• **Work request**: Could you give again exactly, and only, the lines from the one holding "Pagoda, Budha image" through the end of the data, both ends included, with pictures left out?

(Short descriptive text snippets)
════════════════════

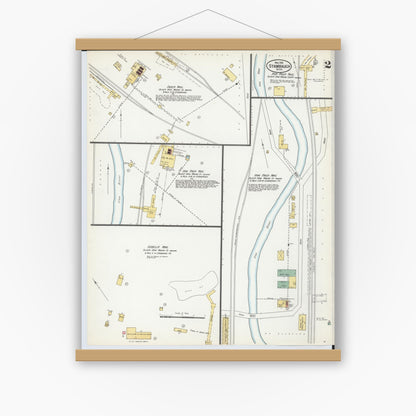 Old map wall art mockup — magnetic wood frame on white wall — Sanborn Fire Insurance Map from Stambaugh, Iron County, Michigan (1900), Sheet #0002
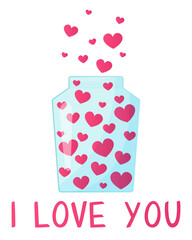 Postcard for February 14 in cartoon style. Cute vector illustration of a heart in a jar. Valentine's Day. Celebration. Love
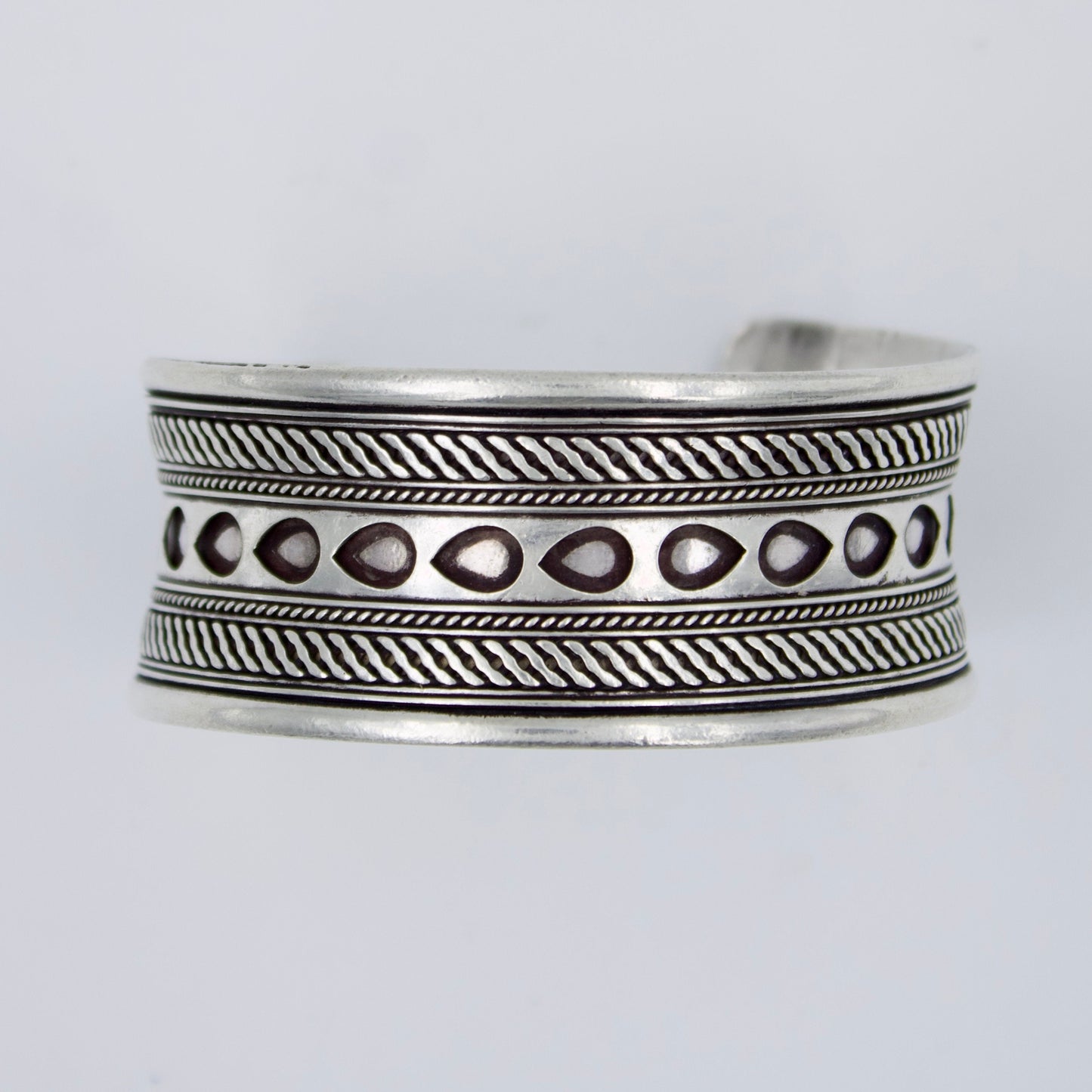Handmade Etched Tribal Statement Cuff Bracelet in Sterling Silver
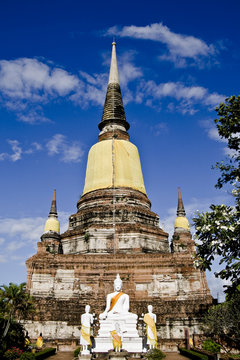 Pagoda, Budha image in the ancient city, Ayuthaya Thailand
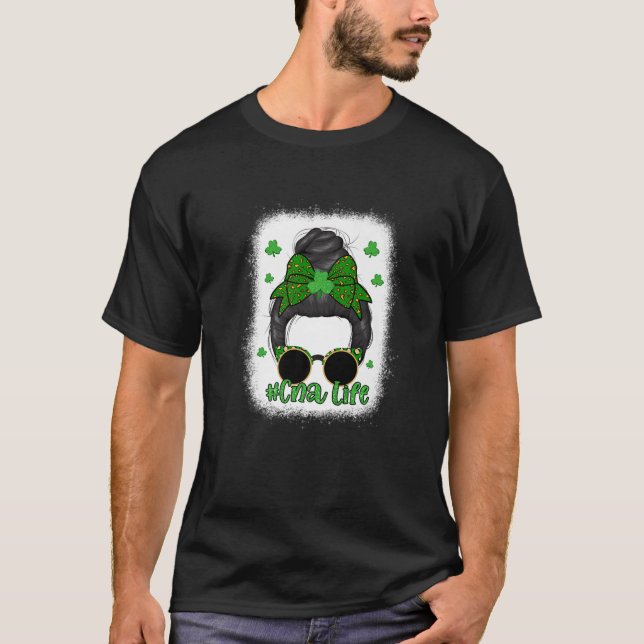 T-shirt Bleached Cna Life Messy Bun Leopard St patrick da (Devant)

════════════════════

• **Exercise response**:
 Pagoda, Budha image in the ancient city, Ayuthaya Thailand
 T-shirt Bleached Cna Life Messy Bun Leopard St patrick da (Devant)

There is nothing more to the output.